In his meeting on Thursday with President Reagan, President Mubarak seemed to be carrying two messages:
* The United States must show progress toward securing an Israeli withdrawal from Lebanon, or President Reagan's Middle East peace plan will soon lose credibility among the Arabs.
* The US ought to start treating Egypt as an equal to Israel when it comes to military and economic aid.
Egypt and Israel are the largest recipients of American aid. But Israel, with a population of 3 million, has stayed ahead of Egypt, with its population of some 41 million.
Given pro-Israeli sentiments in the US Congress, Egypt is never likely to get more aid than Israel, congressional specialists say. Aid to Israel for the current fiscal year is supposed to total $2.4 billion. For Egypt, it is set at about $2.3 billion.
Mubarak has been asking for more flexibility in the use of American economic aid. The Egyptians say too many strings are attached. They contend Israel gets virtually a blank check. But the administration is moving to accommodate Mubarak on the issue of flexibility.
In an interview with the Washington Post on Wednesday, Michael P. W. Stone, the new US aid director in Cairo, outlined a plan to reform the aid program. Mr. Stone wants to reduce small projects and give top priority to a few major investments. Such assistance would give more tangible evidence than has most of the aid so far that the program benefits ordinary Egyptians.
Egyptian ties with the United States remain strong. But since taking power in 1981, Mubarak has brought a cooler tone to the relationship. He has worked hard to reestablish ties with other Arab nations and has reemphasized Egypt's role in the nonaligned movement.

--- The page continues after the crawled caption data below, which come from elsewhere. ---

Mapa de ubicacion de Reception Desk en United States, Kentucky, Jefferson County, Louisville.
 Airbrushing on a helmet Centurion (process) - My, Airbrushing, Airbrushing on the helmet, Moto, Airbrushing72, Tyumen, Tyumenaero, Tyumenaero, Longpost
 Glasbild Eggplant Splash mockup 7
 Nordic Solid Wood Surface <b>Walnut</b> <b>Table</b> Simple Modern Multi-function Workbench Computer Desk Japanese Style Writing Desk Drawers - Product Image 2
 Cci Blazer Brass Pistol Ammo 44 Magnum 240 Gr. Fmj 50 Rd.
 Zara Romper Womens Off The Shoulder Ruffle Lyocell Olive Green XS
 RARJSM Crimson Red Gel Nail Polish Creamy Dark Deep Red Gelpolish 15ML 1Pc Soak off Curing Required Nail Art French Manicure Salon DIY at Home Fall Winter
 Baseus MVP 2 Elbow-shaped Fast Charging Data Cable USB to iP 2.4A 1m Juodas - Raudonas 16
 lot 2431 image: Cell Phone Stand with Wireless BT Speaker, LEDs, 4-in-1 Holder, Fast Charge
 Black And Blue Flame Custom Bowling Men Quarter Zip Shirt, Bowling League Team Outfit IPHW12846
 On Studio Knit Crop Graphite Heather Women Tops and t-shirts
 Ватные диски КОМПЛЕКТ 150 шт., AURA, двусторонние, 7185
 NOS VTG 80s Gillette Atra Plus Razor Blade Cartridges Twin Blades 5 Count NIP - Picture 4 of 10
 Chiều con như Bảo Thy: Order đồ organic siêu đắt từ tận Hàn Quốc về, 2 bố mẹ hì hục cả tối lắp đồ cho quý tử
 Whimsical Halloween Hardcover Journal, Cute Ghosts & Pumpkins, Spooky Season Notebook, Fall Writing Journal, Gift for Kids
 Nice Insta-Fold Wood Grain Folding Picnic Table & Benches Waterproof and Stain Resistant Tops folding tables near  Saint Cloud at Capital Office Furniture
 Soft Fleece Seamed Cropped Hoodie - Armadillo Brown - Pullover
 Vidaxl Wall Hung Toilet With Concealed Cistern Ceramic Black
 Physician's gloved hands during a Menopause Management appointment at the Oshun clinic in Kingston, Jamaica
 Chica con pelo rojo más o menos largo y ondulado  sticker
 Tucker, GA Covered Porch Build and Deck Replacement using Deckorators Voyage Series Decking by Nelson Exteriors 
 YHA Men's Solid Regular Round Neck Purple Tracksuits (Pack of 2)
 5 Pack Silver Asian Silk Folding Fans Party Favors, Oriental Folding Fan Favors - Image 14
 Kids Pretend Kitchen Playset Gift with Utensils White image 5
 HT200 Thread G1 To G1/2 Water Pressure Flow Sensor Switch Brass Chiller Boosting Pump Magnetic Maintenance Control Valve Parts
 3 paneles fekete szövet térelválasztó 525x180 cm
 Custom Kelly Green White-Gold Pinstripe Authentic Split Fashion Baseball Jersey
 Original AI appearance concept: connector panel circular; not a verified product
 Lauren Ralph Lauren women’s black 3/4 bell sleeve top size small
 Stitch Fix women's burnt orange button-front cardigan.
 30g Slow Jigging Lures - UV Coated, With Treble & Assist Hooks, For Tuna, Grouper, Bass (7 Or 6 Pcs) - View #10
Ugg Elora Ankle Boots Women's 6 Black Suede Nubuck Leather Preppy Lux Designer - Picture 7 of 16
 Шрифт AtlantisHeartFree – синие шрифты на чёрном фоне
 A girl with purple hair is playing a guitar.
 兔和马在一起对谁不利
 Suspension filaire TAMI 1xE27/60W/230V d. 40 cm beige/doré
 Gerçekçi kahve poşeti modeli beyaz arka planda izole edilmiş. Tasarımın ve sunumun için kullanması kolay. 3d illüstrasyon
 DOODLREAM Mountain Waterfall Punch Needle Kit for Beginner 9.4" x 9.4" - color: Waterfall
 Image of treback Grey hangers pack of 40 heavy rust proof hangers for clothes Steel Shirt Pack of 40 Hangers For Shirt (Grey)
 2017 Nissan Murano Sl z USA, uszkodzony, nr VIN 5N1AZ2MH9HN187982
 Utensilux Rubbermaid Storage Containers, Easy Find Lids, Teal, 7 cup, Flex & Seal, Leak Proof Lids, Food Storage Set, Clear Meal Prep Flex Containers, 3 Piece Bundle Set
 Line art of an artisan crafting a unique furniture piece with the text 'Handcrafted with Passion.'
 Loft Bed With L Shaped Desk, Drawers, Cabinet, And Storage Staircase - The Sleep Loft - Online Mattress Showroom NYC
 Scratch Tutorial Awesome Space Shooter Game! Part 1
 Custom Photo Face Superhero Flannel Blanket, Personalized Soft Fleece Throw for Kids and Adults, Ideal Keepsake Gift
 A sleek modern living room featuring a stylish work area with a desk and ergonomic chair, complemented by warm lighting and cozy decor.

Mubarak now seems to be putting President Reagan to the test. The Egyptians suspect that Israel is dragging out its talks with Lebanon partly in order to divert attention away from the Reagan peace plan and possible negotiations over the Israeli occupation of the West Bank of the Jordan River. As one Egyptian diplomat put it, the Egyptians will consider an Israeli commitment to withdraw from Lebanon as ''proof of the US ability to deliver.''
''If the US can't get a commitment from the Israelis to withdraw from Lebanon , what will it do when it comes to the West Bank?'' the diplomat asked.
The Egyptians fear that if Reagan cannot produce results by this summer, Middle East issues will become entangled in the American presidential election campaign and diminish Reagan's ability to put pressure on Israel.
William B. Quandt, a leading Middle East expert in the the Carter administration, says that if there is no progress on Lebanon and on the Palestinian issue, President Mubarak ''is going to have to move more toward nonalignment.''
Quandt says the stalemate over Lebanon and the West Bank has increased pressure on Mubarak from three sectors inside Egypt: Islamic fundamentalists; traditional leftist opposition; and professional Egyptian diplomats who have become disillusioned with the Egypt-Israel peace treaty.
But Joseph J. Sisco, a former top US negotiator in the Middle East, says Egypt and the United States have so many mutual interests that no fundamental realignment by the Egyptians is a prospect.
Although Mr. Sisco foresees ''no quick and easy fix'' in Lebanon, he does say he believes that there will be an agreement on a withdrawal from Lebanon by both Israel and Syria within the next few months. For one thing, says Sisco, the Israeli occupation of southern Lebanon is becoming increasingly unpopular in Israel itself.